Press Release Source: Tractor Supply Company 


Tractor Supply Company to Speak at Morgan Keegan Equity Conference
Wednesday September 8, 7:31 am ET 


BRENTWOOD, Tenn., Sept. 8 /PRNewswire-FirstCall/ -- Tractor Supply Company (Nasdaq: TSCO - News), the largest retail farm and ranch store chain in the United States, today announced that the Company will deliver a presentation at the Morgan Keegan Equity Conference. The Company's presentation is scheduled for Friday, September 10, 2004 from 10:10 a.m. to 10:35 a.m. Central Time. A webcast of the presentation will be available on the Company's website at http://www.myTSCstore.com, and an archive of the webcast will be accessible for 30 days.

The Company also announced that its updated investor presentation is currently available on the Company's website under the "Investor Relations" section.
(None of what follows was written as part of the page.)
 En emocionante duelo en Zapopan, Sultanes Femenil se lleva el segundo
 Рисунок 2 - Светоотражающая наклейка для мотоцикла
About Tractor Supply Company

Tractor Supply Company operates 497 stores in 32 states, focused on supplying the lifestyle needs of recreational farmers and ranchers. The Company also serves the maintenance needs of those who enjoy the rural lifestyle, as well as tradesmen and small businesses. Stores are located in towns outlying major metropolitan markets and in rural communities. The Company offers the following comprehensive selection of merchandise: (1) equine, animal and pet products, including everything necessary for their health, care, growth and containment; (2) maintenance products for agricultural and rural use; (3) hardware and tool products; (4) seasonal products, including lawn and garden power equipment; (5) truck, trailer and towing products; and (6) work clothing for the entire family. 
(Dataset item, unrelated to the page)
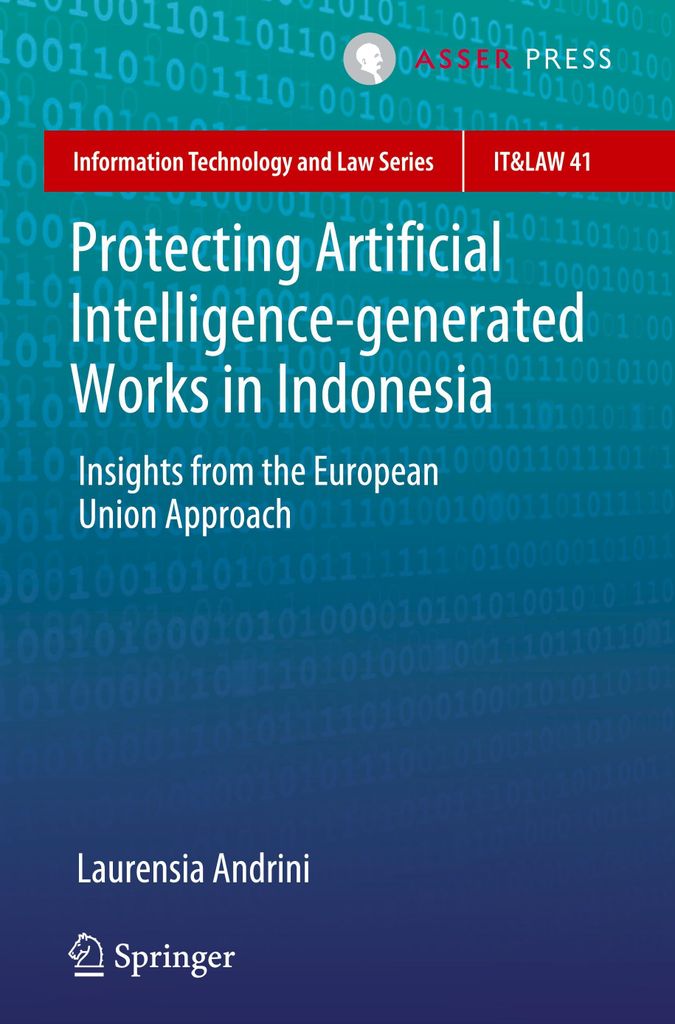 Protecting Artificial Intelligence-generated Works in Indonesia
--------------------------------------------------------------------------------
Source: Tractor Supply Company


----------



## Live Oak (Dec 22, 2003)

That is not far from me Joe. I think I will pass on the event though.


----------



## bontai Joe (Sep 16, 2003)

It's a place many of us shop at, so I figured I'd share the news. I know it is nothing earth shaking, but maybe someone wants to know what they are doing. After reading it again, I'd probably pass on going even if I was a shareholder.


----------



## Live Oak (Dec 22, 2003)

Good post, no negative intended. I just don't have the time to go. I think it would be interesting to do and see what is going on if I had the time. Maybe even open a Tractor Forum booth!


----------



## bontai Joe (Sep 16, 2003)

"Maybe even open a Tractor Forum booth!" Now that's an idea I never considered! Cool! I'll have to keep that in mind when going places and doing things.


----------



## Live Oak (Dec 22, 2003)

Would be a GREAT opportunity to maybe sell some Tractor Forum T-shirts and spread the word. :truth:


----------